Two weeks ago, in Miami, two friends and I were cruising down an empty street, listening to a $2 CD with a UFO on it, when my friend yelled, "What the f---! Did you see that?!" At a bus stop, a man was dragging a woman by her hair while a handful of people just stood there, watching. We had to stop it. We did a U-turn. We pulled out our phones, ready to call the cops. We put on our menacing faces. As we slowly cruised by a second time, the hair-dragger, the woman, and the camera crew stared at us. Oh. "It's a film shoot… turn the techno back on." This is the perfect experience of stopping a crime. We got the satisfaction of doing the right thing, by passing some sort of character test when confronted with what we thought was a stranger was in need, but because the crime was not technically real, without the chance of screwing it up by accidentally hurting an innocent person, accidentally helping the bad guy, or getting ourselves killed.
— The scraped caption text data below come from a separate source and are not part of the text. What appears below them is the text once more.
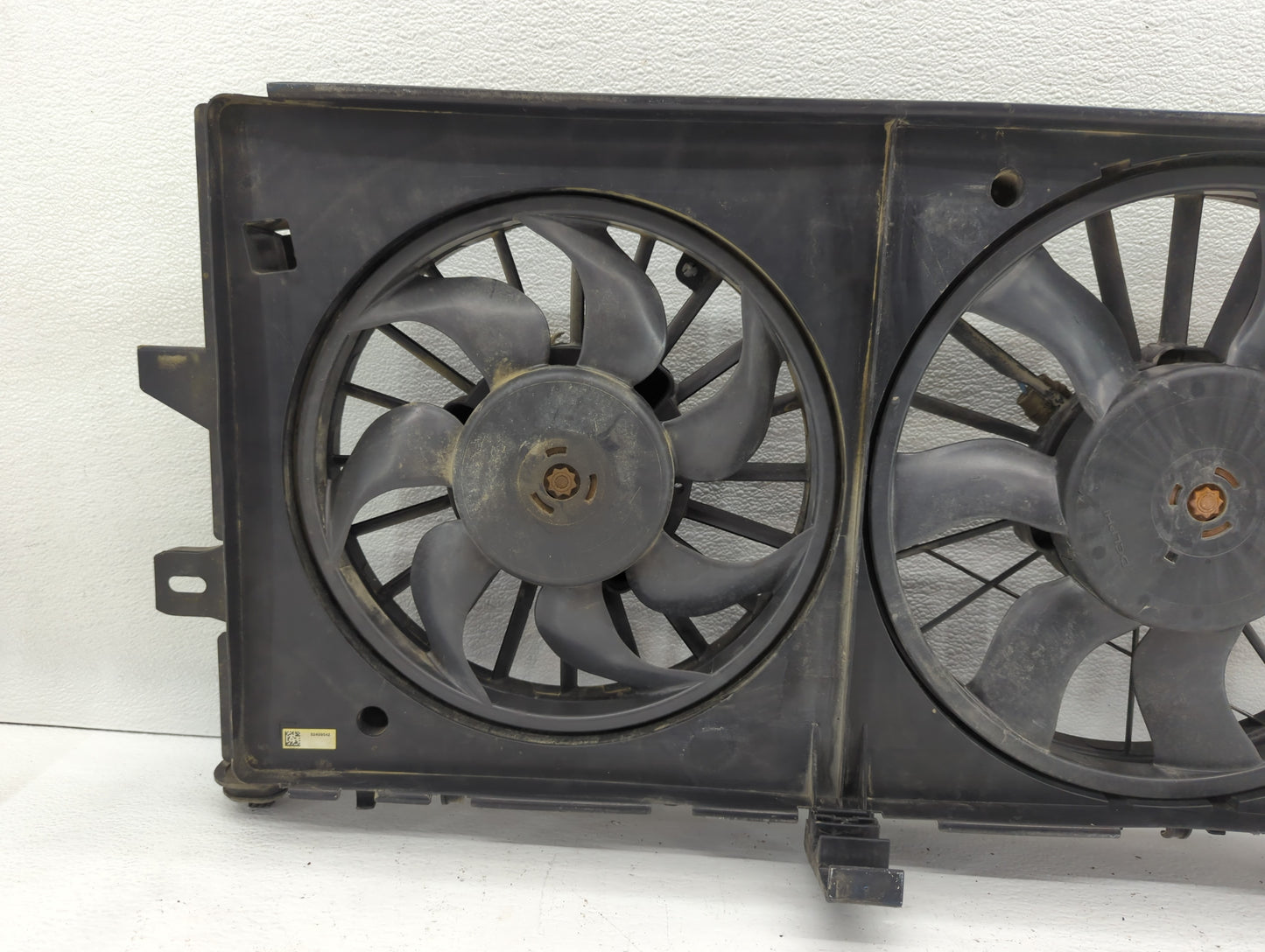 2006-2011 Chevrolet Impala Left Radiator Fan Motor Assembly - Oemusedautoparts1.com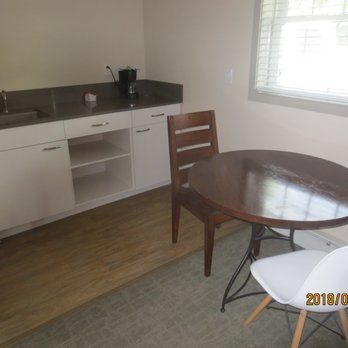 Basalt Mountain Inn - kitchen table, mismatched chairs - Hotels Near Me - Basalt, Colorado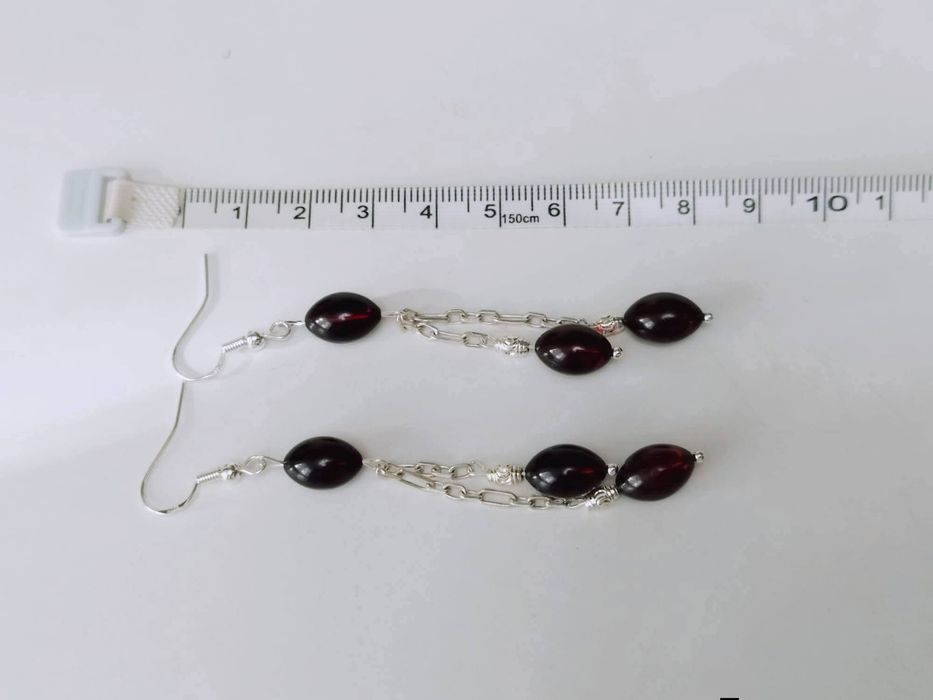 Vechi cercei lungi argint 925, cu picaturi de chihlimbar presat de culoare rosu cherry, stil maslina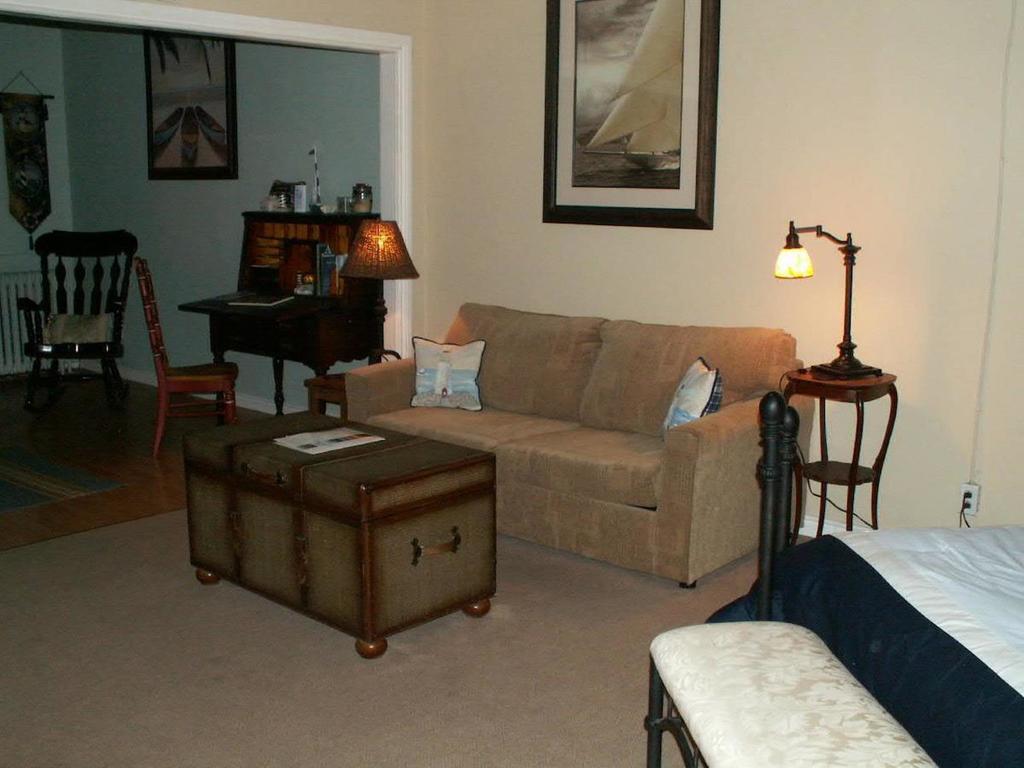 Canalside Restaurant, Inn & Kitchen Store Port Colborne Bilik gambar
Just like our Miami trio, several political people revealed in Wednesday's gun control hearing that they, too, have been the heroes in imaginary crimes. Fighting hypothetical crimes with guns has an obvious appeal, because when real people use real weapons, they screw up. A lot. In the 1990s, an Emory researcher found that a gun kept in the home was 43 times more likely to injure a member of the household than an intruder. Baltimore County police chief James Johnson testified, "Statistics show that when females are killed, it's more likely, over 50 percent of the time, to be by a spouse or household member. A gun in a home where there is a history of domestic violence, statistics show that there is a 500 percent increase of chance that that person will be victimized by gun violence." Mark Kelly, husband of former Rep. Gabrielle Giffords, testified about a good samaritan who almost shot an innocent person when trying top stop the Tuscon shooting in which Giffords was shot in the head. In July, a New York police officer shot and killed his son at a motel after thinking he was an intruder. In September, a Connecticut teacher shot and killed a masked teen outside a neighbor's home, and discovered it was his son. In October, a retired Chicago cop shot and killed his own son after mistakenly thinking he was a robber.